You’re the GM. If I was a player at that table, I’d say “can we move this along, please?” And then if the other player wanted to continue wasting everyone’s time, I’d look to you to move things along.

I don’t have a lot of patience for self indulgence like that. Calling it role-playing doesn’t make it any better.

That's either a take-20 or is allowing them to succeed where they otherwise could/would not.

Why could they not, given the time they have? There seems to be no pressure or danger involved? So I’d say either don’t roll and let them succeed, or roll once and if they fail then they fail and you move along.

It seems like a big waste of time.

Violating the precept of never telling a player what that player's character does or thinks? Yeah, probably won't fly.

That’s silly. Certainly when they fail at an attack roll you don’t hesitate to tell them that they missed and they know it.

Roll results are what they are. Nothing wrong with saying “you realize this lock is beyond your ability” or similar.

Also, if the party want to convince the thief to leave I expect that to be RPed out at the table; even more so if their methods of convincing go beyond just words.

More power to you if that’s how you prefer to play, but that all seems pretty pointless to me. If I’m going to put the group in a situation where they have possible conflict with one another, I’d want it to be more meaningful than that. Something that says more about the characters beyond “I’m remarkably stubborn” and “we have no patience for his remarkable stubbornness”.

Connecting back to the topic, this is the kind of stuff that I’d prefer… as both GM and player… for time to be skipped so we can get to something more engaging.
 

Pedantic

Legend
There's nothing wrong with Take-20 but it's not something that's supposed to apply to any situation (or lock in this case), IMO anyway, and I don't think that's what was being suggested above. For my part at least, the lock in question would need to be somewhere in the normal range of locks the character in question could reasonably pick. In that case if you remove time and risk constraints I don't see the need to ask for a roll.
I think this is exactly backwards. The value of a Take 10/Take 20 mechanic is that they show precisely what is possible with absolute certainty, and ideally should have the requirements (and/or consequences) of using them laid out ahead of time. Take 20 tells you exactly what the "range of locks" a character can pick is, and provides a mechanical model for the situations in which you don't "need to ask for a roll."

Take 20 mechanically isn't an addition to 'don't roll if it doesn't matter', it replaces that model wholesale, by making it clear exactly what the capabilities of the character are, when they aren't under pressure. It's frankly a quite elegant mechanic that it's a quite a shame has been so deprecated in modern designs.
 

Lanefan

Victoria Rules
You’re the GM. If I was a player at that table, I’d say “can we move this along, please?” And then if the other player wanted to continue wasting everyone’s time, I’d look to you to move things along.
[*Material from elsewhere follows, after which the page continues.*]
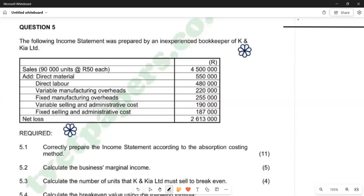Hello there. Welcome back to Cost and Management Accounting 86. In this video, we want to look at question 5 of the June 2024 question paper. We're going to look at part of question 5, which states: the following income statement was prepared by the inexperienced bookkeeper of K and KIA Limited. We will start from question 5.2 going down.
I don’t have a lot of patience for self indulgence like that. Calling it role-playing doesn’t make it any better.
Where I'll let it run as long as it takes; and I expect these things to be sorted out in character rather than at the table.
Why could they not, given the time they have? There seems to be no pressure or danger involved? So I’d say either don’t roll and let them succeed, or roll once and if they fail then they fail and you move along.
The latter is what I did, only they didn't move along - or at least one of them didn't. That's their right.
It seems like a big waste of time.
Oh, it was; and as DM I knew it. As characters, though, they didn't...and even if they had I don't think it would have stopped this thief. :)
That’s silly. Certainly when they fail at an attack roll you don’t hesitate to tell them that they missed and they know it.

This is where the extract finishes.